There are some books that pry long-forgotten memories out of the dusty corners of your brain, unfold them on a table and force you to look at them. Alice Bliss was like this for me.
Alice Bliss is a 14-year old girl who loves her father very much. So when his reserve unit is called up to go to Iraq, her world turns upside down. Although she goes through the motions of her everyday- joins the track team, explores love, deals with the glimpses she gets of the adult relationship between her mother and father, the worry and anxiety she feels for her absent father colours everything she does.
Where do I begin reviewing this? I could talk about Harrington’s interesting decisions when it comes to viewpoint- the book is in third person close, but not always from Alice’s perspective. She flits from character to character, like a butterfly who can read minds. At first this jarred me, but ultimately I think it works. We get Alice’s perspective as well as that of her mother, her grandmother, her best friend Henry. It is like getting a sweeping cinematic landscape shot but inside the brains of the characters.
Or the mounting tension, of seeing each member of the family slowly crumble under the weight of their own grief.
Or maybe how it is a simple book, with a simple plot and yet encompasses all the meat of our everyday- of growing up, of the complexity and simplicity of love.
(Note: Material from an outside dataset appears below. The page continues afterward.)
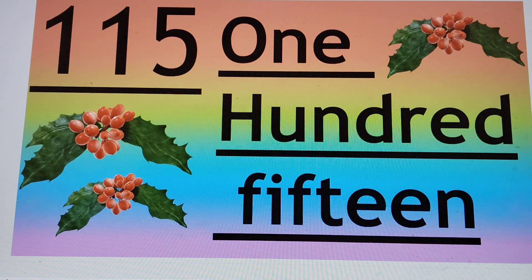Next number is 115. 1, 1, 5 — that is 115. H-U-N-D, already read 100, F-I-F-T-E-E-N, 15. So 115.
Of how we keep on keeping on even when we don’t think we can…
How each of the characters are flawed, beautiful, believable, from the mother who struggles to keep the family together with varying success, to the little sister who finds refuge in the dictionary and long words.
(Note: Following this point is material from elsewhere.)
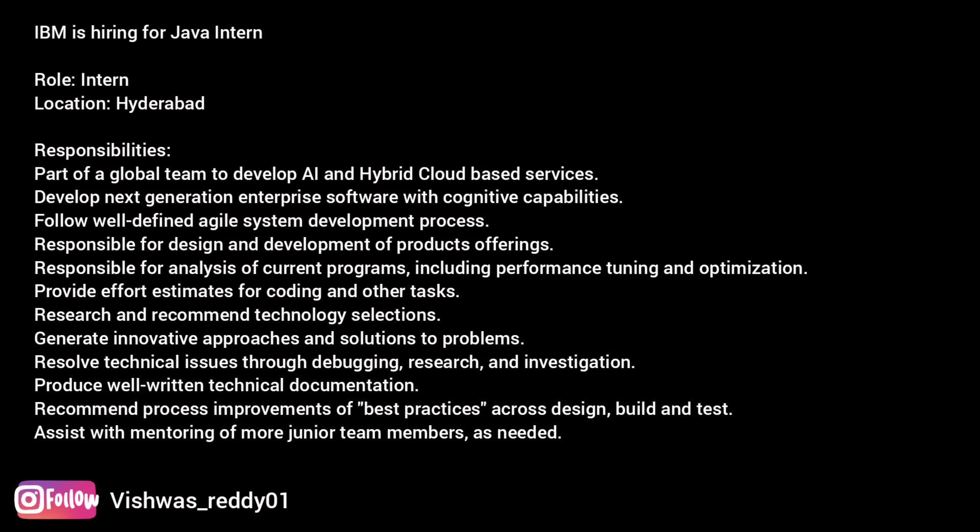Assist with mentoring of more junior team members as needed. This job requires 0 to 1 year of experience. Location: Hyderabad. Required technical and professional expertise: strong experience in Java and web-based applications. Practical experience building web applications using Java or J2EE technologies including Hibernate, Spring, and JSON preferred. Experience in Python, AngularJS, React, and NodeJS is a plus. Experience in developing web services such as RESTful; exposure to development of microservices is a big plus. Strong SQL skills in Oracle or SQL Server. Dedication to quality of code including through unit testing.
On a personal note, I read this book in one day, sitting on the couch, crying my eyes out. Though it is true, books have been known to bring me to tears from time to time, none as much as this one. The memories it brought back were of heading back to my class after a dictée and seeing the Base Commander with his arms around my sobbing mother. Of being ushered in the class by my teacher and then minutes later being told to come with her. Of my mother taking me by the shoulders and telling me my father was dead. Of the funeral with all my father’s friends in their uniforms, nightmarish copies of my own father. Of my mother crying in her room in the dark, inconsolable.
Christ. It was a good book. You should read it. It probably won’t slice you in half like it did me.